For comparison purposes, a sample of the once-filtered condensate from Example 4, which contained 367 ppbw of mercury, was placed into contact as described in Example 4 with the same commercial mercury adsorbent used in Example 4 but without first being subjected to treatment with an organic sulfur-containing compound. The mercury content of the resultant liquid was found to be 19 ppbw, a value more than three times that obtained from the average (5.7 ppbw) of Runs 1-3 in Example 4. Since the commercial cost of the mercury adsorbent is 3.5 times higher than that of the treating agents used in Examples 3 and 4, it remains more economical to use the chemical treating agents either in lieu of using the adsorbent or, if very small concentrations of mercury are desired, prior to using the adsorbent. The latter process configuration would significantly reduce the amounts of the adsorbent that would otherwise (i.e., if no treating agent is used) be required to achieve similar reductions in mercury concentrations.
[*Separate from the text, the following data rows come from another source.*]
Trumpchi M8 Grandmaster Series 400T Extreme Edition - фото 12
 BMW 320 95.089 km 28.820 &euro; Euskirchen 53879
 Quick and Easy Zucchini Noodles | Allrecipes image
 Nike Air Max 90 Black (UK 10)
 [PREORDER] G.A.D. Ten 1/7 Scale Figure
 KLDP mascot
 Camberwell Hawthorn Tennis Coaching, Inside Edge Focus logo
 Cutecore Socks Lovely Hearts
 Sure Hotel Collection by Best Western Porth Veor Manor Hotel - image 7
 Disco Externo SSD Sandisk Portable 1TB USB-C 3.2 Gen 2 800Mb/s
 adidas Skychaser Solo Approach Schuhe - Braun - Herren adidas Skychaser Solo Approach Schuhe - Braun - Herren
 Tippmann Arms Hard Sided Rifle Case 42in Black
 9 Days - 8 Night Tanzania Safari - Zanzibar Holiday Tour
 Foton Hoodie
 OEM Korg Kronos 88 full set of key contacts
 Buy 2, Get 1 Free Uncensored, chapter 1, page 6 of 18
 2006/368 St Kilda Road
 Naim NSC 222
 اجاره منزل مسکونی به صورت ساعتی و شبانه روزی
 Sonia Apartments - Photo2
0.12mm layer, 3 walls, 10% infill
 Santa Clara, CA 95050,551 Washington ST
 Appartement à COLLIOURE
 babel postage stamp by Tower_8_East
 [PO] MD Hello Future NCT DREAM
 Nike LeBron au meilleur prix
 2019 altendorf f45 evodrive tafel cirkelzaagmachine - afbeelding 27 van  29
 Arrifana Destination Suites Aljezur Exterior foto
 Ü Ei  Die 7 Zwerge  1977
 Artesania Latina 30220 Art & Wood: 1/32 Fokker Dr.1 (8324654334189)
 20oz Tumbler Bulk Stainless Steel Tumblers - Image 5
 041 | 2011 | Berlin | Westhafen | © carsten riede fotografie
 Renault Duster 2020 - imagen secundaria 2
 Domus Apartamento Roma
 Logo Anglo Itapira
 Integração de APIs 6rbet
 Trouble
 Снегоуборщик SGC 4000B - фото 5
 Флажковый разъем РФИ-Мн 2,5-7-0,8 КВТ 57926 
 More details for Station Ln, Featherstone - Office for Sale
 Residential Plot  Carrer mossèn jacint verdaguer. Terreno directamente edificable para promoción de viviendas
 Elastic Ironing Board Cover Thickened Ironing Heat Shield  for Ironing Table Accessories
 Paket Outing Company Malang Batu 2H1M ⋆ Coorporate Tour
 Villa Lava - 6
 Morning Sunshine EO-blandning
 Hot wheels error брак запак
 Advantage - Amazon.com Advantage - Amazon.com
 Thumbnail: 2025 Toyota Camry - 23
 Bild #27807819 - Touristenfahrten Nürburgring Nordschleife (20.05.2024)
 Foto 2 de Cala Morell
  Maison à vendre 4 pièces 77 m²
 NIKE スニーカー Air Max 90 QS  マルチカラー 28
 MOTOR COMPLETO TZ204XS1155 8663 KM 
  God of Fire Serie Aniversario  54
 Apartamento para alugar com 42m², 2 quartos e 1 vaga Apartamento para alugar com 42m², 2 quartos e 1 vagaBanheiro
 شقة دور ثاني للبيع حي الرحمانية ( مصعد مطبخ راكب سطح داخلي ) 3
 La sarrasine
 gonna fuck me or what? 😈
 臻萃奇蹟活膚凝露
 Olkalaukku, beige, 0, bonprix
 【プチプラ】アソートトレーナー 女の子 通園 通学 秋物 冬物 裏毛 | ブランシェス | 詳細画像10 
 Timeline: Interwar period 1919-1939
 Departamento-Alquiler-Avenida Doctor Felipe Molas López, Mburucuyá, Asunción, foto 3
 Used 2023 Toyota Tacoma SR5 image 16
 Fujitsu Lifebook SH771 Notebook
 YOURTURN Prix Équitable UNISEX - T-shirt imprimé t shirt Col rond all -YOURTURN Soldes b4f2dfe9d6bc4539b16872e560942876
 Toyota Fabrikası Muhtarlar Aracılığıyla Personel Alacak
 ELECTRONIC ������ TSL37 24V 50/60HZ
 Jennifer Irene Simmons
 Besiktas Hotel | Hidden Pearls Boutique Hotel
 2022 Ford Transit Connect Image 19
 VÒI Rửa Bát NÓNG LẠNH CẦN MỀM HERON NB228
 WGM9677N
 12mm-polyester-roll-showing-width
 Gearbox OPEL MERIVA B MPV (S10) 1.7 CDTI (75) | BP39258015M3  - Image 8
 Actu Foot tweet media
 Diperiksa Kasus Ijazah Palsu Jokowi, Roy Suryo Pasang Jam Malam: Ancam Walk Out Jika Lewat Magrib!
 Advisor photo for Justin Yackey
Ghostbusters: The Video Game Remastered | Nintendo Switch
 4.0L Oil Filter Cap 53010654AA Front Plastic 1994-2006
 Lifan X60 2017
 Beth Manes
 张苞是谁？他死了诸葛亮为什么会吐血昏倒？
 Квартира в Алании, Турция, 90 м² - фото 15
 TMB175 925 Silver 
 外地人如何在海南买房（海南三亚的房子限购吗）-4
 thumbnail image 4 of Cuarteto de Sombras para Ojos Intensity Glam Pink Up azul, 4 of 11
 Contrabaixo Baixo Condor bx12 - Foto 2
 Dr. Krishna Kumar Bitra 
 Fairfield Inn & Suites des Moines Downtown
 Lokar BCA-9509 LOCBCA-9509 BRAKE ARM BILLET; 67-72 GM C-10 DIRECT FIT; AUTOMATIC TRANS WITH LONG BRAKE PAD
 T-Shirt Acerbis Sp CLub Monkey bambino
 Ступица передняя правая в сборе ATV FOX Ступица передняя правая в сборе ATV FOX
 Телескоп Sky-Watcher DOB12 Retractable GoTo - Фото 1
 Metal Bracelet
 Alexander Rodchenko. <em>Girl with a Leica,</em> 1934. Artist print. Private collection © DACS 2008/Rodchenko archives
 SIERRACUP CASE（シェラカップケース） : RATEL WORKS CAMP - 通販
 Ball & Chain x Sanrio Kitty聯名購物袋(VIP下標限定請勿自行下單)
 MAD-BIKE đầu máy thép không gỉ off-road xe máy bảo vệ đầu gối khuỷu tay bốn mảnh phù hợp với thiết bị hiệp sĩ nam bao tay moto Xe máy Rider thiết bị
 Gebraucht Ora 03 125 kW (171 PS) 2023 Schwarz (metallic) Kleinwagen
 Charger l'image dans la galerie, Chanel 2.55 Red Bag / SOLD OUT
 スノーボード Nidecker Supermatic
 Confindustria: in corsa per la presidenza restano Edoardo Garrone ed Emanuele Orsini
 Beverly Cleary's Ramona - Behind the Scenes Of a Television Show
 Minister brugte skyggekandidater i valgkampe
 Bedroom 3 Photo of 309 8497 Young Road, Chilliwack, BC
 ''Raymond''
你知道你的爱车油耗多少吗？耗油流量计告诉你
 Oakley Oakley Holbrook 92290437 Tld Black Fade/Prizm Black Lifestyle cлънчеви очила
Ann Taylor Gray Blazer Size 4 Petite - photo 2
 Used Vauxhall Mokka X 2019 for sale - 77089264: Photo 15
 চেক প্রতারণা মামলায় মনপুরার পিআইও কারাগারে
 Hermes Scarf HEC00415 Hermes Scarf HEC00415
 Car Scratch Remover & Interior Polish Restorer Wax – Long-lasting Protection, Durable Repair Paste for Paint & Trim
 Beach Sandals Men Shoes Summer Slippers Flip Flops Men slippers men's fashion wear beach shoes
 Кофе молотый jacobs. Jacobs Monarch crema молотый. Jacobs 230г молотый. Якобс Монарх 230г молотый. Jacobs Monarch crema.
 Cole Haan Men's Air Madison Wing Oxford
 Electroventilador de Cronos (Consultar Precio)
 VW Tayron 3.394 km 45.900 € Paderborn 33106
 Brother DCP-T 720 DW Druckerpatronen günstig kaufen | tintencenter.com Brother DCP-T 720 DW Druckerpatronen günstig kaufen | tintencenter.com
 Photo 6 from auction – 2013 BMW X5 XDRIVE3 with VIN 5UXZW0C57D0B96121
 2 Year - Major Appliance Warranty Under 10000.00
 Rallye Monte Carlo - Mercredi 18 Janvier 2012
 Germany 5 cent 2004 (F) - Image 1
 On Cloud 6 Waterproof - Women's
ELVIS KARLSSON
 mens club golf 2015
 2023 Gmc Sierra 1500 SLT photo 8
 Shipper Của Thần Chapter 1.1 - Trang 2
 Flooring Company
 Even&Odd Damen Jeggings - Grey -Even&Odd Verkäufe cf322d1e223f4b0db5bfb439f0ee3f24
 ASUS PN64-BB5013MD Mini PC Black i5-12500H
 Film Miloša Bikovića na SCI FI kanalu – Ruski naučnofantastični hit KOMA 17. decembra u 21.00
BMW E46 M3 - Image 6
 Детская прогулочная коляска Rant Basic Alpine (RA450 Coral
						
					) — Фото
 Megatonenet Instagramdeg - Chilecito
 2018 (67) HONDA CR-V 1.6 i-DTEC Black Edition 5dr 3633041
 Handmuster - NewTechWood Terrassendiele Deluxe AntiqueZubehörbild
Although this invention has been described by reference to several embodiments of the invention, it is evident that many alterations, modifications and variations will be apparent to those skilled in the art in light of the foregoing description. Accordingly, it is intended to embrace within the invention all such alternatives, modifications and variations that fall within the spirit and scope of the appended claims.